# Not enough Prague powder #1



## old smokey nj (May 11, 2020)

Hello all. I started making a batch of "BBBB", Bears Buck Board Bacon, and just realized I didn't use enough cure. I did it 2 nights ago. In loose vac sealed bags in fridge. I have my original calculation, so I can figure out how much more is needed. Is it safe to add to bags? Also, is there a calculator to make this easier? I've done this before but not often enough to remember.


----------



## chef jimmyj (May 11, 2020)

Yes you can add the remaining cure. All will equalize by the end. Try the Cure Calculator below...JJ 






						Universal Cure Calculator.........
					

I set up a javascript Universal Cure Calculator on my website. Here's the link for anyone who wants to play around with it....  http://www.diggingdogfarm.com/page2.html  The calculator can be used to calculate the amount of cure and salt required in sausage...the amounts of cure, salt and sugar...

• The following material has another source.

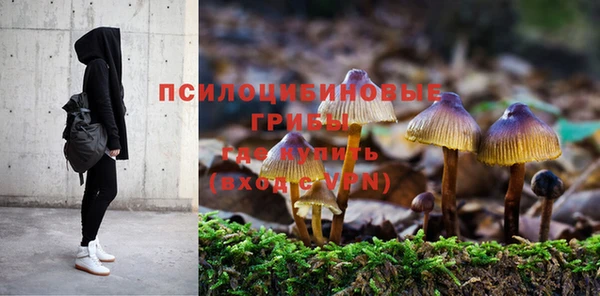 хмурый Гусь-Хрустальный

					www.smokingmeatforums.com


----------



## old smokey nj (May 11, 2020)

Thanks JJ.  I'm about 12% lower than I should be! Thankfully the problem can be "cured"! Sorry, I couldn't resist!


----------



## motocrash (May 11, 2020)

Heads up 

 old smokey nj
 , that calculator is for Cure #1, not TQ!
If you used Tender Quick, that calculator is not for you.


----------



## old smokey nj (May 11, 2020)

I was wondering about that. A lot of websites say they're the same, but?


----------



## old smokey nj (May 11, 2020)

I did use cure #1, but would think any advice that anyone has regarding these 2 cures could shed some insight on this as it can be dangerous


----------



## old smokey nj (May 11, 2020)

old smokey nj said:


> I did use cure #1, but would think any advice that anyone has regarding these 2 cures could shed some insight on this as it can be dangerous
> I added too little, but adding too much might be worse. Why can't they have a uniform cure  #1?


----------



## motocrash (May 11, 2020)

I got confused between the threads title and


old smokey nj said:


> I started making a batch of "BBBB", Bears Buck Board Bacon, and just realized I didn't use enough cure.


He uses nothing but TQ.


----------



## old smokey nj (May 11, 2020)

Yes I got off subject a bit. I used cure 1, and apparently used wrong formula. A lot of misleading info out on web. JJ sent correct calculator so I'm good.  But a lot of info out there comparing cure 1 to TC. Just tying to assist those who may be using one or the other, as miscalculations can possibly be bad


----------



## chef jimmyj (May 12, 2020)

motocrash said:


> Heads up
> 
> old smokey nj
> , that calculator is for Cure #1, not TQ!
> If you used Tender Quick, that calculator is not for you.



Good catch!  I too saw it was a Bear Recipe, but the question was for " Cure ". My brain went to Cure #1 and Diggy's calculator, ignoring we might be talking TQ. Gettin' Old I guess....JJ


----------



## old smokey nj (May 17, 2020)

I got distracted and have yet to add additional cure. Can I still add or is it too late? If it's too late, what can I do with the meat?


----------



## chef jimmyj (May 17, 2020)

As long as it's been in the refer and not already stinking,  you can proceed...JJ


----------



## old smokey nj (May 17, 2020)

Thank's. Should I start the clock over and keep it in for another 8 days?


----------



## chef jimmyj (May 17, 2020)

I would. Let the cure work it's way in...JJ


----------



## old smokey nj (May 17, 2020)

Thanks Jimmy!


----------